## WHAT TO WORK ON
Look through the entries below for the line with "2010 Altima 2.5" and the line with "Transparent vegetable packaging", then give again exactly those two lines and all lines between them, minus the pictures.

## DATASET RECORDS
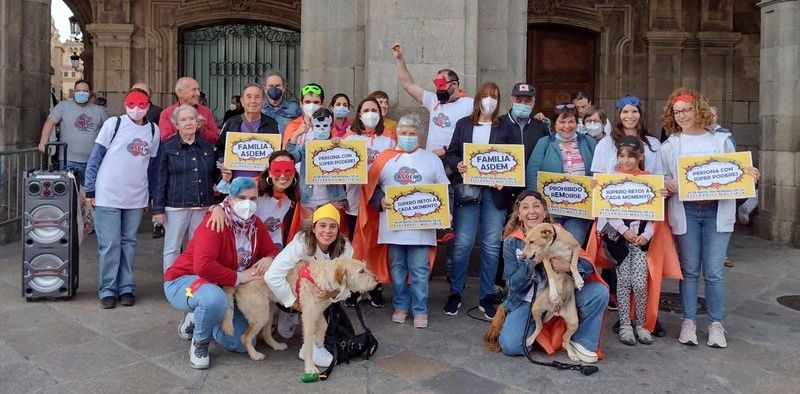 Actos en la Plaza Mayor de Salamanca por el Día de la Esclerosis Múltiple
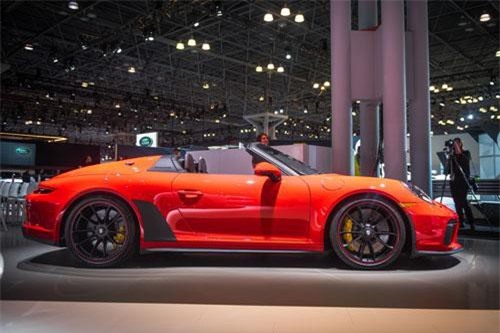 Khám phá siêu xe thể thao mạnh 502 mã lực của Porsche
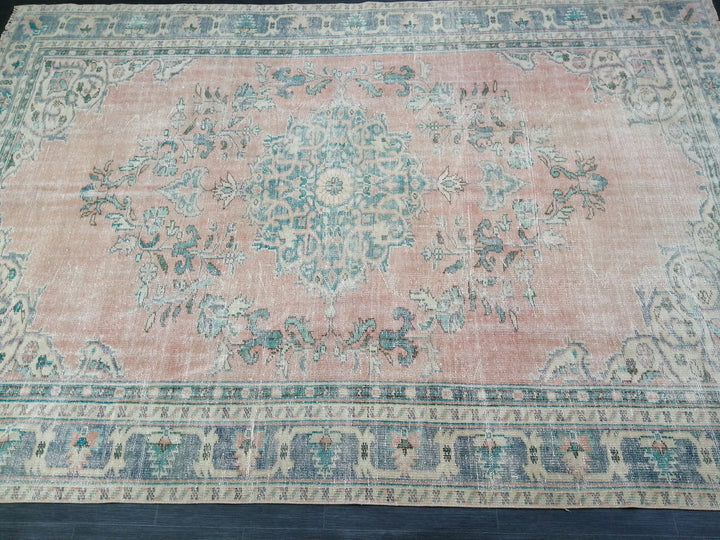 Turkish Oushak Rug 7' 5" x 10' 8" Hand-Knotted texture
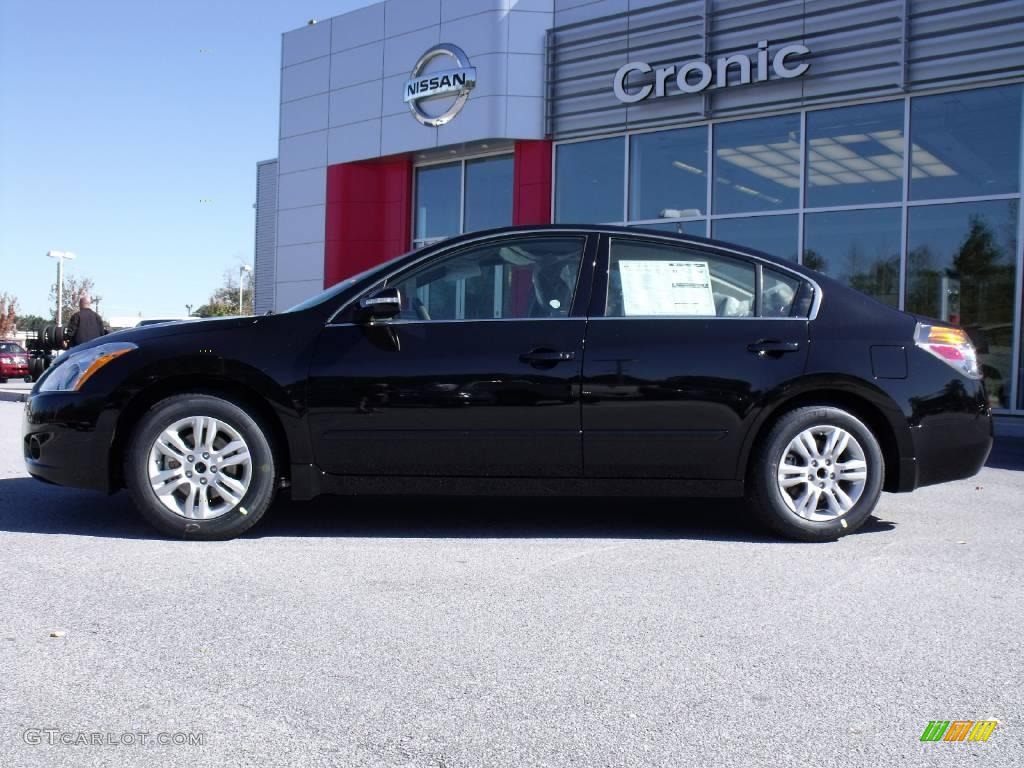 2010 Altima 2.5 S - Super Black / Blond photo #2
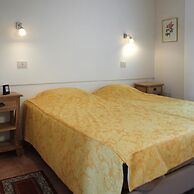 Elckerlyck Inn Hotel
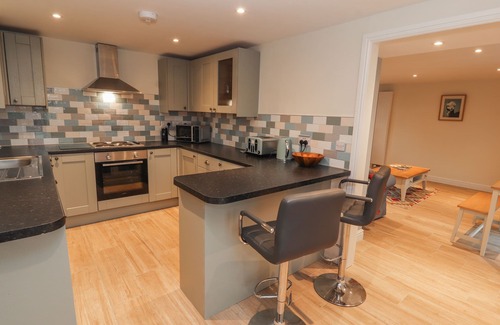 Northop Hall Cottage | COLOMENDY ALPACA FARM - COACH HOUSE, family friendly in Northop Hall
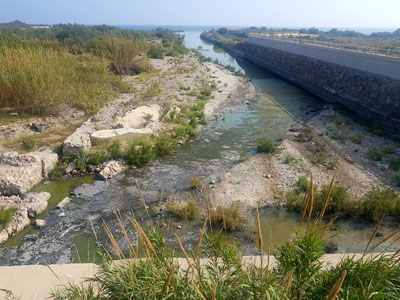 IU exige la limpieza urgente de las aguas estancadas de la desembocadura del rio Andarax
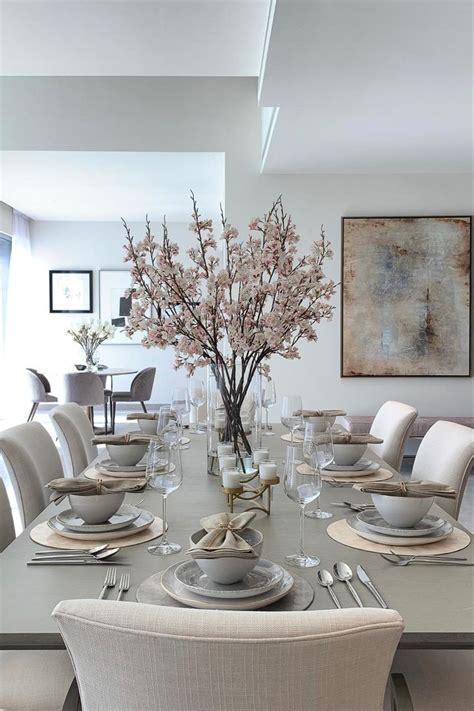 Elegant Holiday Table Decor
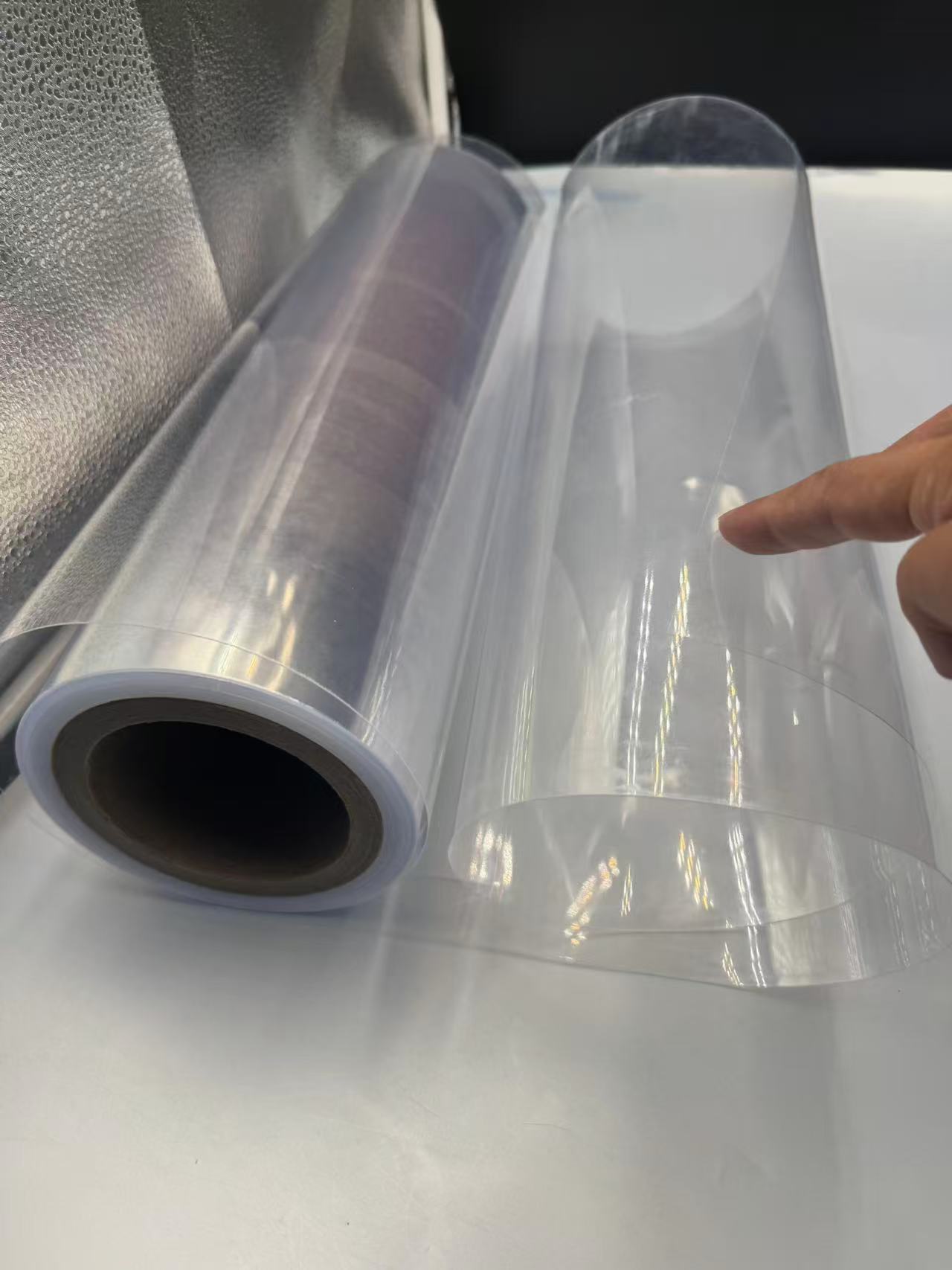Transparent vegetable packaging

--

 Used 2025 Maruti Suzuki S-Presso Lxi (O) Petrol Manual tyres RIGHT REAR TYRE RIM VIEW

...

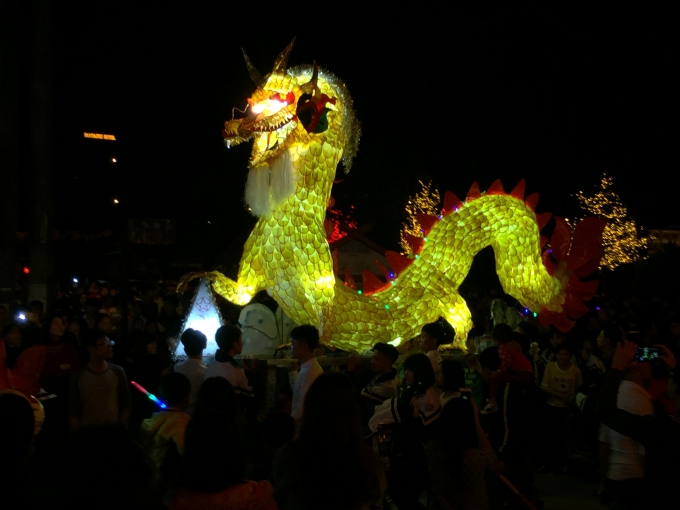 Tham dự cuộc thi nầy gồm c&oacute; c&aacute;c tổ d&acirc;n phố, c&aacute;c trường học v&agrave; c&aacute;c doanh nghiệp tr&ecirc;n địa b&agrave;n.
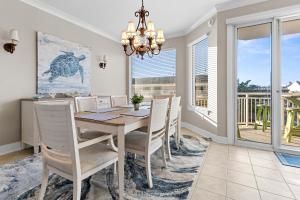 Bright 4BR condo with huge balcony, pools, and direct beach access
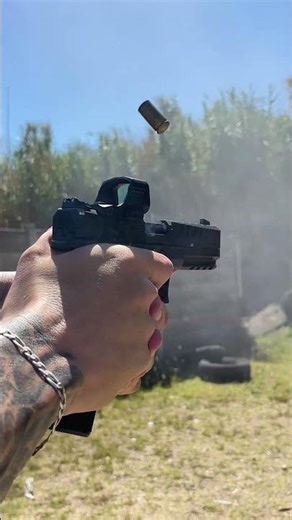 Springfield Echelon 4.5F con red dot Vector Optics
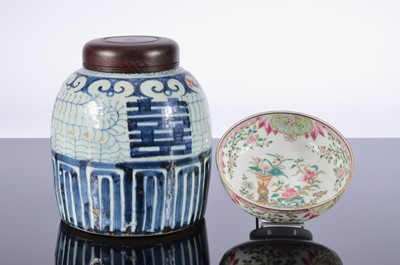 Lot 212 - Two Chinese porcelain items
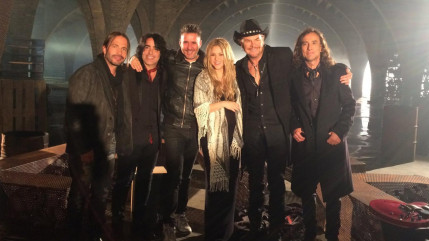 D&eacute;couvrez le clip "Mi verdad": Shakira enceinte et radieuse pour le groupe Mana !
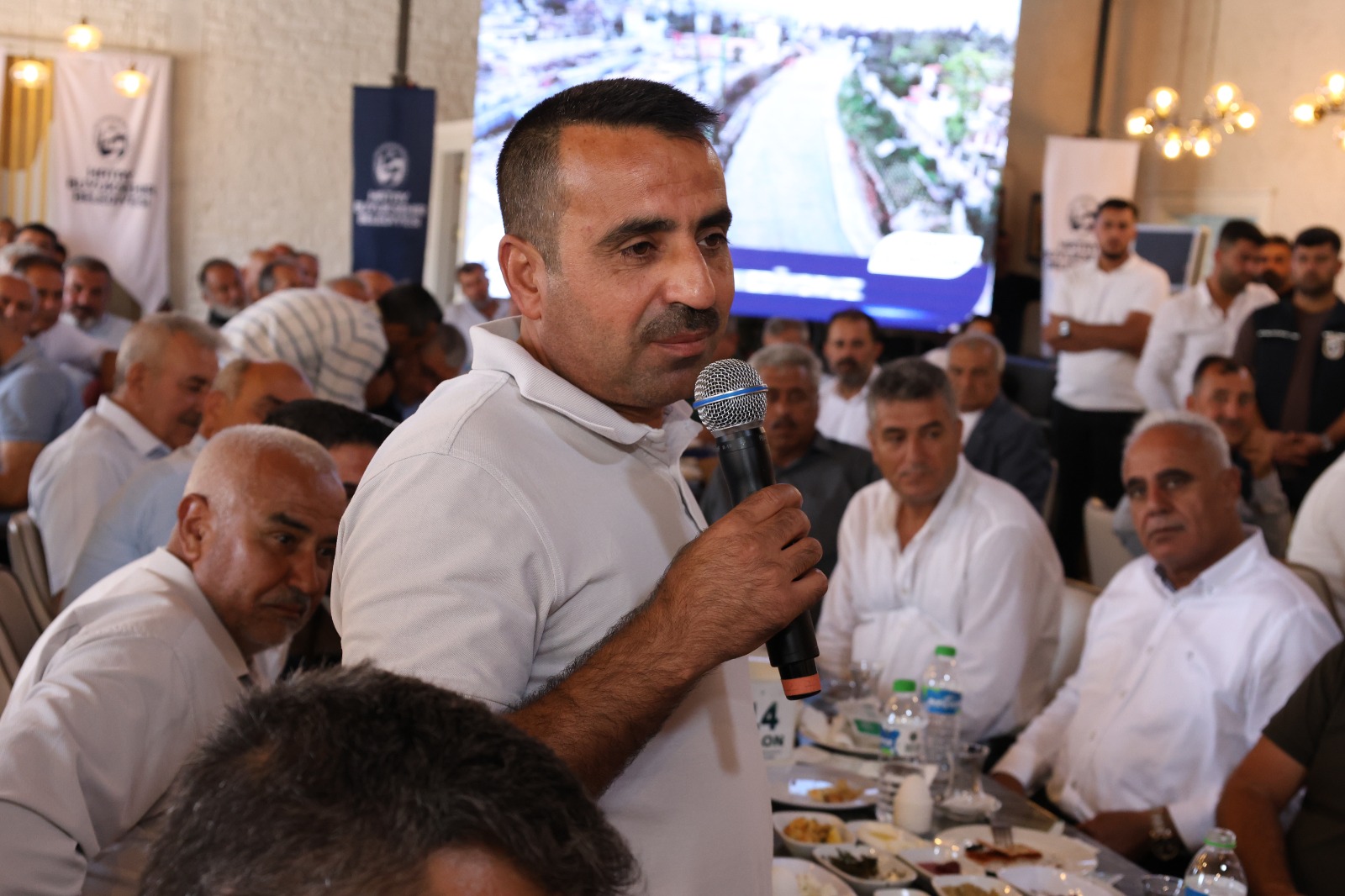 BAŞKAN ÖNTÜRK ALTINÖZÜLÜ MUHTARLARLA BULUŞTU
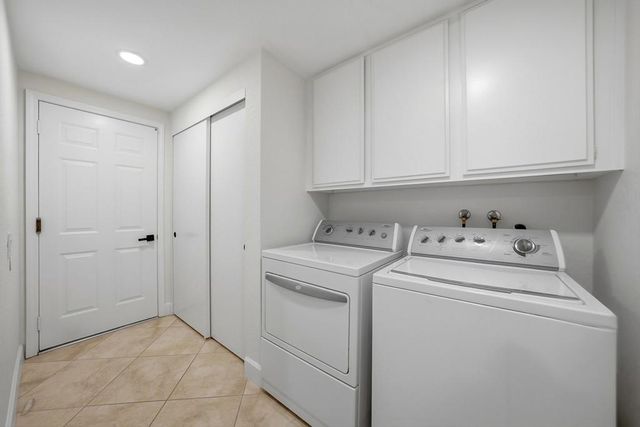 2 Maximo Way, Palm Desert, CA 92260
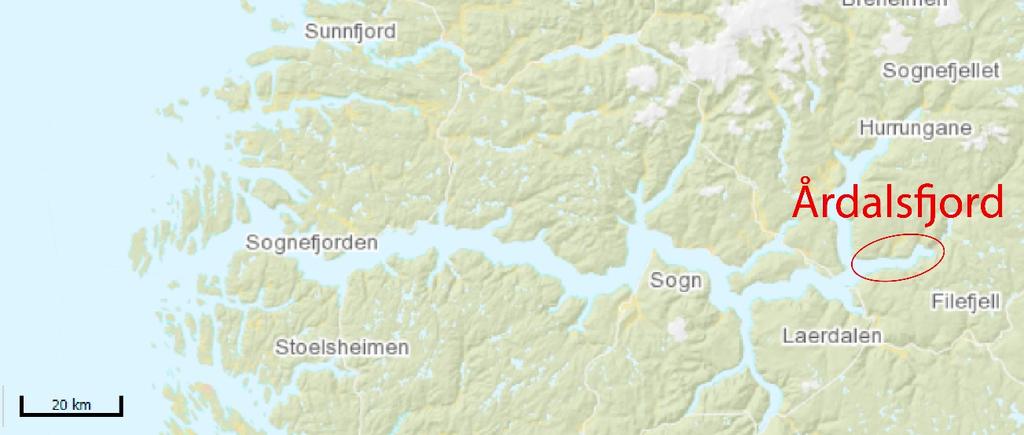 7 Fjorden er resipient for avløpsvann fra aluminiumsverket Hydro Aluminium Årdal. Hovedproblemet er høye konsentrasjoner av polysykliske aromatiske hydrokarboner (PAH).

## RESPONSE TO THIS EXERCISE
 2010 Altima 2.5 S - Super Black / Blond photo #2
 Elckerlyck Inn Hotel
 Northop Hall Cottage | COLOMENDY ALPACA FARM - COACH HOUSE, family friendly in Northop Hall
 IU exige la limpieza urgente de las aguas estancadas de la desembocadura del rio Andarax
 Elegant Holiday Table Decor
Transparent vegetable packaging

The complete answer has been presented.